[ASSIGNED TASK] Copy exactly the lines from the beginning of the data down to and including the line holding "movimento em torno de uma articulação por", without any pictures.

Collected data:
_____

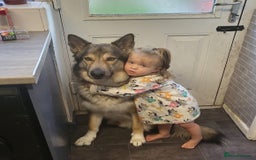 Saarloos Wolfdog dogs for stud: For stud - Image 3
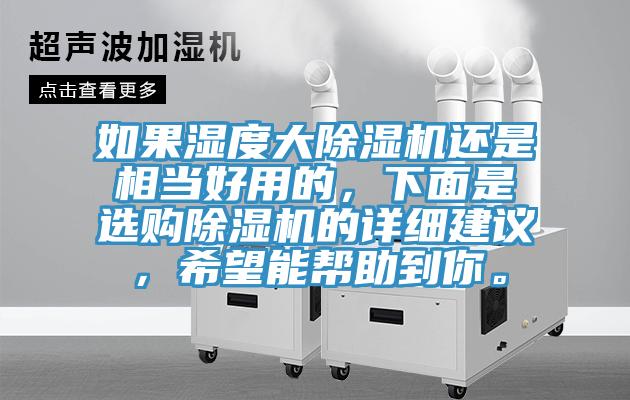 如果濕度大除濕機還是相當好用的，下面是選購除濕機的詳細建議，希望能幫助到你。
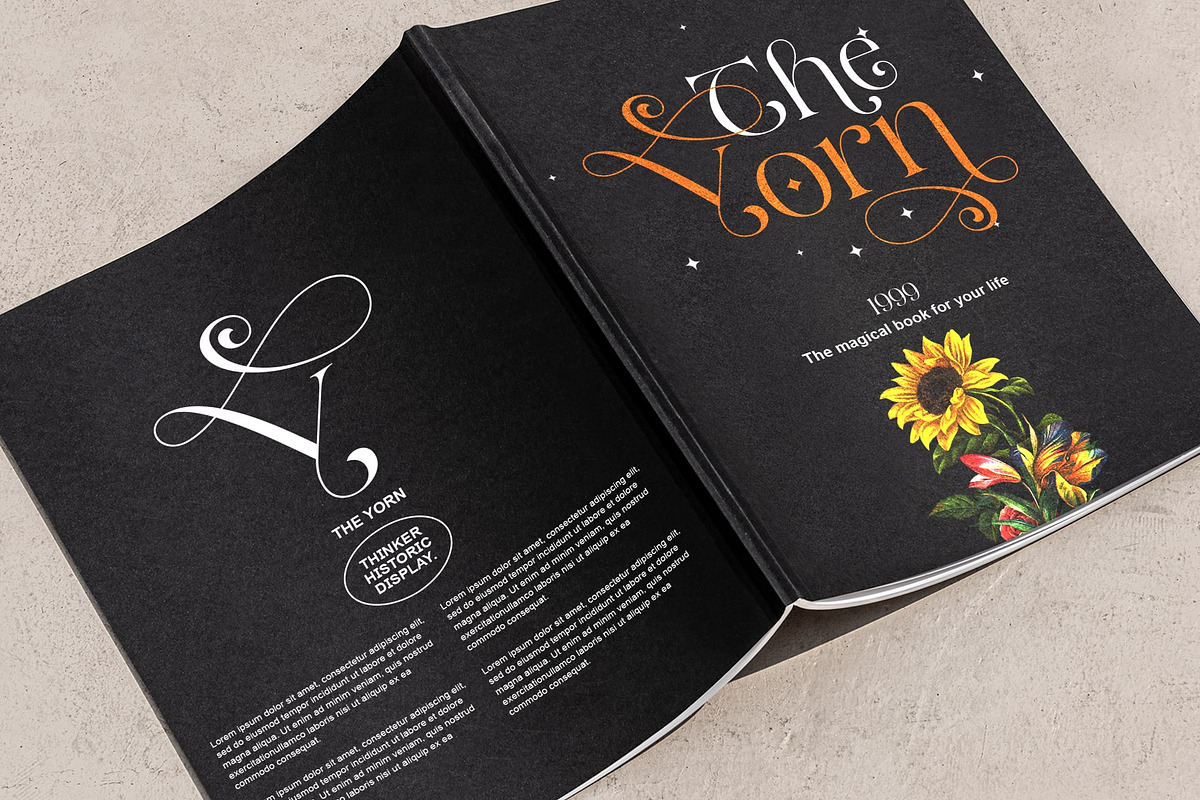 Thinker Historic, a Serif Font by INKSUN™ (Photo 6 of 8)
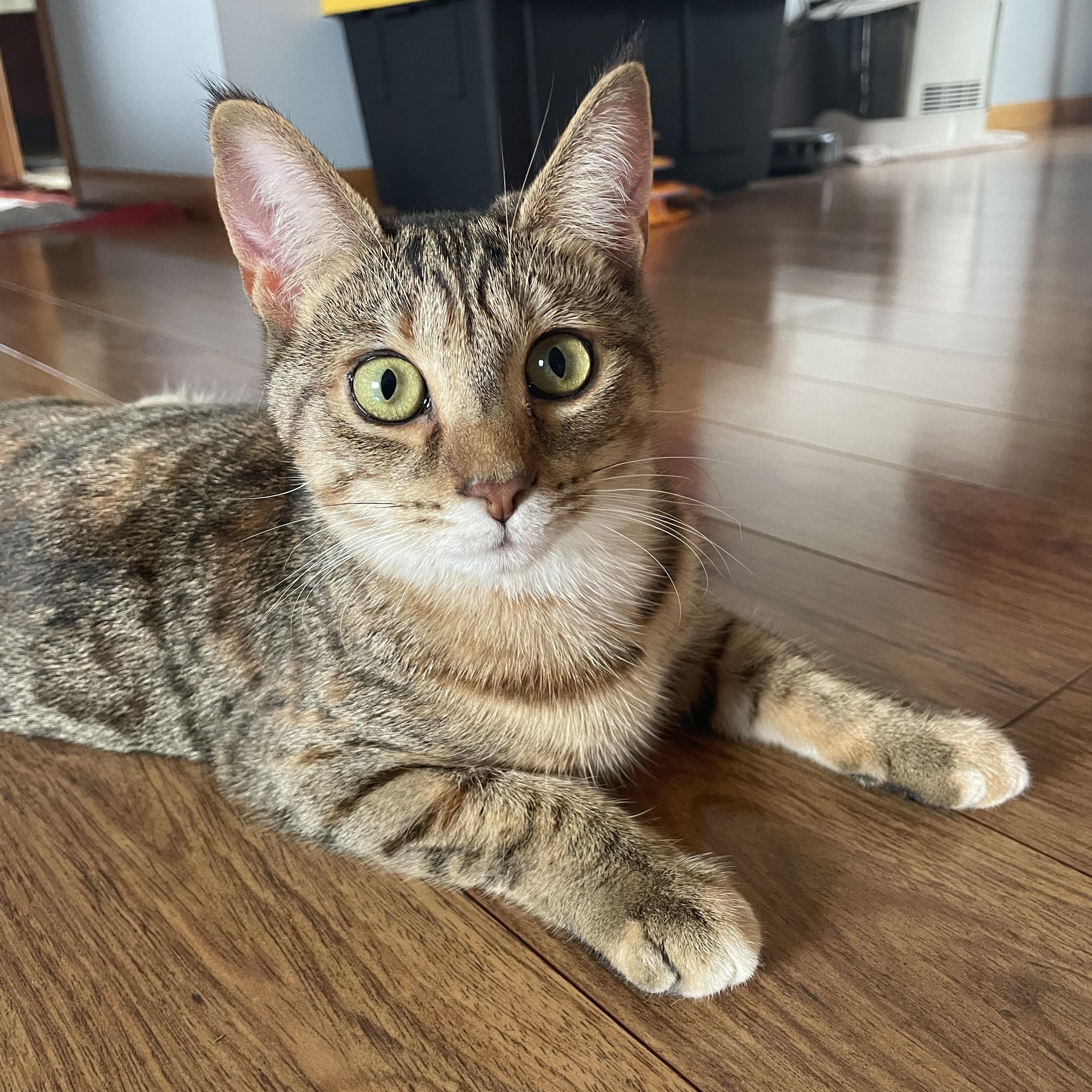 Enlarge Candace, a Adoptable Domestic Short Hair in Grand Rapids, MI image 3/6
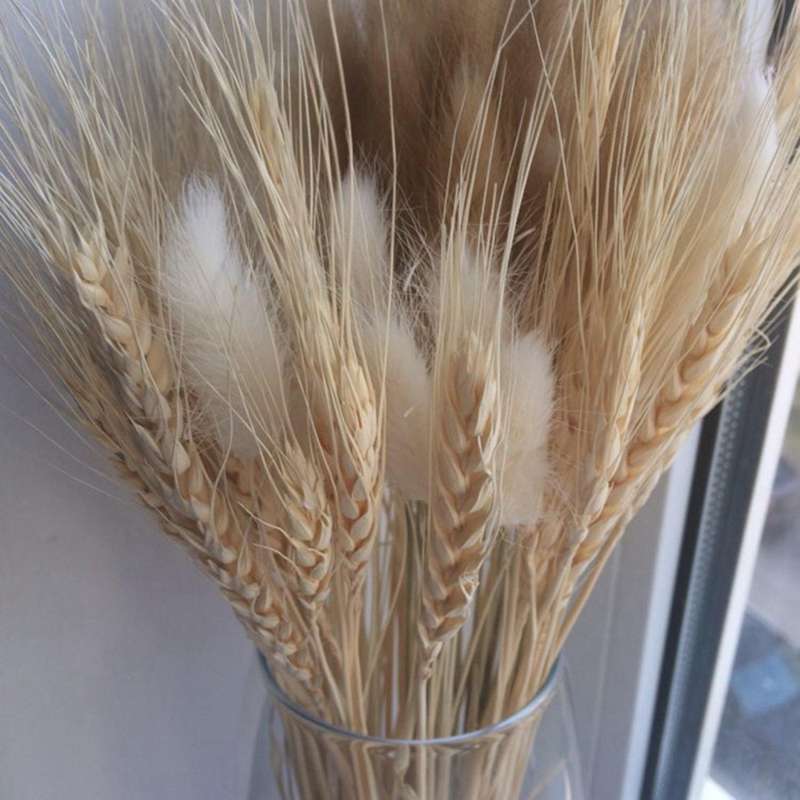 50 Pcs Wheat Ear Flower Natural Dried Flowers for Wedding Party Decor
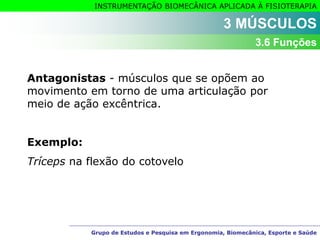 Grupo de Estudos e Pesquisa em Ergonomia, Biomecânica, Esporte e Saúde
INSTRUMENTAÇÃO BIOMECÂNICA APLICADA À FISIOTERAPIA
Grupo de Estudos e Pesquisa em Ergonomia, Biomecânica, Esporte e Saúde
Antagonistas - músculos que se opõem ao
movimento em torno de uma articulação por
meio de ação excêntrica.
Exemplo:
Tríceps na flexão do cotovelo
3 MÚSCULOS
3.6 Funções
 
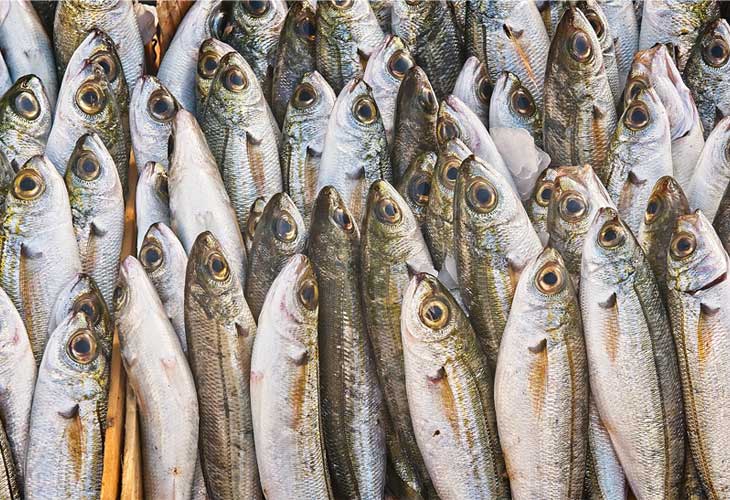 Sardines - Collagen-rich foods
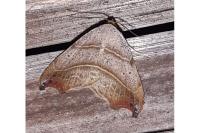 Laspeyria flexula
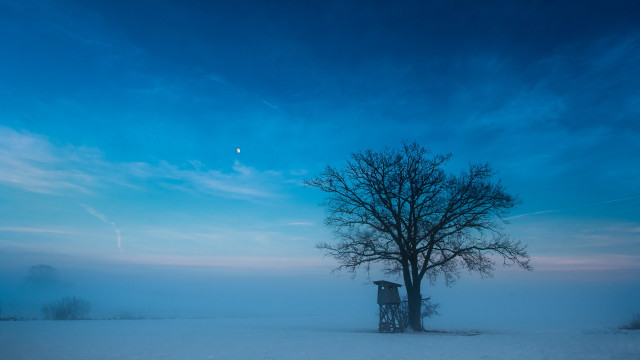 Lone tree snowy field blue #8 free wallpaper for desktop - medium preview image
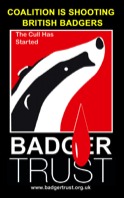 badger-trust-logo.jpg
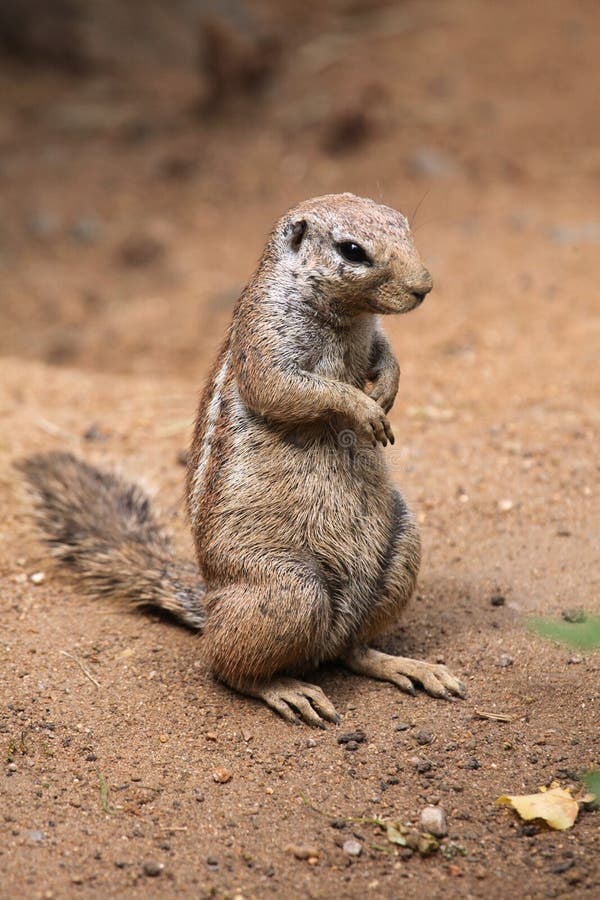 Cape ground squirrel (Xerus inauris).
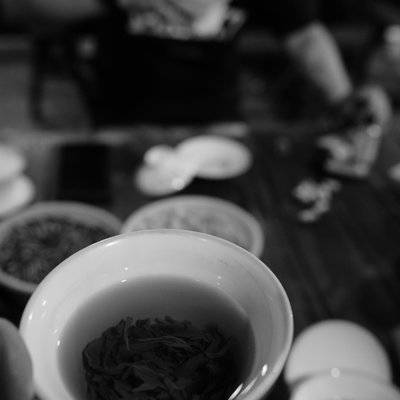 黑白模特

_____

[SOLUTION FOR THIS EXERCISE]
 Saarloos Wolfdog dogs for stud: For stud - Image 3
 如果濕度大除濕機還是相當好用的，下面是選購除濕機的詳細建議，希望能幫助到你。
 Thinker Historic, a Serif Font by INKSUN™ (Photo 6 of 8)
 Enlarge Candace, a Adoptable Domestic Short Hair in Grand Rapids, MI image 3/6
 50 Pcs Wheat Ear Flower Natural Dried Flowers for Wedding Party Decor
 Grupo de Estudos e Pesquisa em Ergonomia, Biomecânica, Esporte e Saúde
INSTRUMENTAÇÃO BIOMECÂNICA APLICADA À FISIOTERAPIA
Grupo de Estudos e Pesquisa em Ergonomia, Biomecânica, Esporte e Saúde
Antagonistas - músculos que se opõem ao
movimento em torno de uma articulação por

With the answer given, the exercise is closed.